Outra microempreendedora que deve partir para a formalidade com a nova legislação é a cabeleireira Marlene Xavier Chagas. Na profissão há 20 anos ela sonha agora com a abertura do próprio salão em Toledo (região oeste do Estado). Ela conta que a nova empresa deve começar a atuar daqui a um ano e no início ela irá trabalhar sozinha.
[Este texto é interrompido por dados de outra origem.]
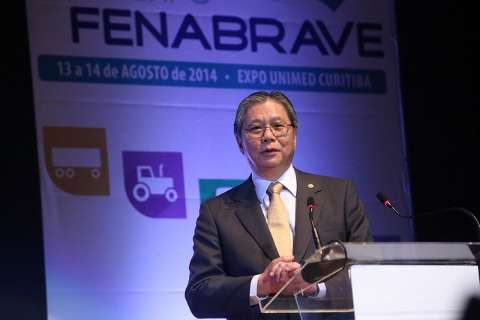 Congresso da Fenabrave discute medidas para o aquecimento do mercado automotivo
Marlene diz que apesar de estar guardando dinheiro para abrir o negócio ainda não tem idéia do investimento total e do local mais apropriado. Pelas pesquisas que fez, ela sabe que existem dois salões de beleza na cidade, mas acredita que ainda há potencial para a abertura de uma nova empresa no mesmo ramo. ''O sol nasceu para todos'', ilustra. (K.L.M.)